For those unfamiliar with the publication, The Economist is hardly a radical rag. Published in London since 1843, the weekly magazine is a model of stiff-upper-lip British reserve. It advocates a cold-blooded, laissez-faire capitalism and is filled with useful news about restless third-world nations where a gentleman of means might want to set up in business. Tory in perspective,The Economist cultivates a wry, dry editorial tone whose genteel uniformity is emphasized by the utter absence of bylines.

Yet despite its reputation as a conservative bastion, the magazine is not ideological as a rule. It is, rather, icily pragmatic. And that pragmatism has led the editors to conclude that "there is no compelling reason to exclude homosexuals from marriage, and several compelling reasons to include them."

It's an argument that probably wouldn't go over very well in Maine, at least not in the current political climate. Last November, when the fight over the anti-gay rights Question 1 was going on, the issue of gay marriage was never raised by those who might advocate it. Instead, the specter of lesbian and gay male couples being joined in matrimony was conjured up only by Carolyn Cosby and her cronies, as an example of the dreaded "special rights" that homosexuals might want to claim if they weren't stopped, and soon.

Of course, marriage to the one you love hasn't been a special right in our society for an awfully long time - if you're heterosexual, that is. Nonetheless, this is one issue that really gets anti-gay bigots in a lather. Such marriages would undermine traditional families, they argue. They'd destroy the morals of our nation. They'd be an affront to God.

Advocates of same-sex marriage can be equally emotional in defense of the concept.
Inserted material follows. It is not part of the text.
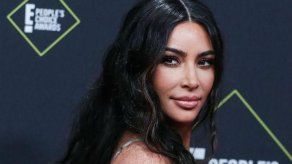 Kim Kardashian reflexiona sobre el éxito de sus productos moldeadores SKIMS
So reading the cool-headed arguments in favor of queer unions in The Economist was instructive. "Traditionalists . . . are wrong to see gay marriage as trivial or frivolous . . .", the lead editorial opines, noting that married people are as a rule physically healthier and more financially secure than singles. "Homosexuals need emotional and economic stability no less than heterosexuals - and society surely benefits when they have it."

The editors also point out that gay people all over the world are less willing than at any other time in history to deny or conceal their sexual orientation. As a result, the magazine warns, "For society, the real choice is between homosexual marriage and homosexual alienation. No social interest is served by choosing the latter."

A related article in the same issue documents the growing trend of open homosexuality - both male and female - around the globe. Gay rights groups have recently sprung up in Pakistan and Bolivia, Slovenia and Sri Lanka, Portugal and South Korea. The ubiquity of out gay men and lesbians, the article argues, is rapidly turning homosexuals into "a very ordinary minority," not unlike left-handed people.

Indeed, the appearance of this article in The Economist shows just how mundane homosexuality has become in the last 20 years. It is inconceivable that the headline "It's normal to be queer" would have shown up in any mainstream publication anywhere in the world in the 1970s. But that's just the headline some proper Englishman or woman wrote for the article in question.

The change has come about for many reasons, most of them having to do with the courage of individual gay men and lesbians who have stood up and proudly told the world who they are. The AIDS epidemic, sadly, has also played a role in proving to society at large that gay people are everywhere - in every family, workplace and government body. Now that the secret is out of the closet, the forces of capitalism have decided it's safe to try to make some money in the gay market. Out, a glossy, sophisticated gay and lesbian magazine, has been able to attract more than a few big-name corporations as advertisers, for instance. That wouldn't have been possible just a few short years ago.

But obviously the wider visibility and acceptance of gay men and women is fueling the bigoted rage of narrow-minded fundamentalists around the country. Hate crimes are on the increase. Anti-gay referendums have blossomed from coast to coast. Citizen groups have organized to boycott companies - like Disney - that offer benefits to same-sex partners.

But all these efforts have the desperate, anxious quality of rear-guard actions. It is precisely because homosexuality is becoming more widely accepted that the forces of intolerance are fighting so hard. They're on the defensive, and it shows: Witness Carolyn Cosby's laughable charges of voter fraud on the Question 1 vote. Anti-gay referendums have lost more times than they have won. In Hawaii, a court case might soon legalize same-sex marriage in that state; the pressure on other states to explicitly recognize or explicitly reject such marriages wouldn't be far behind.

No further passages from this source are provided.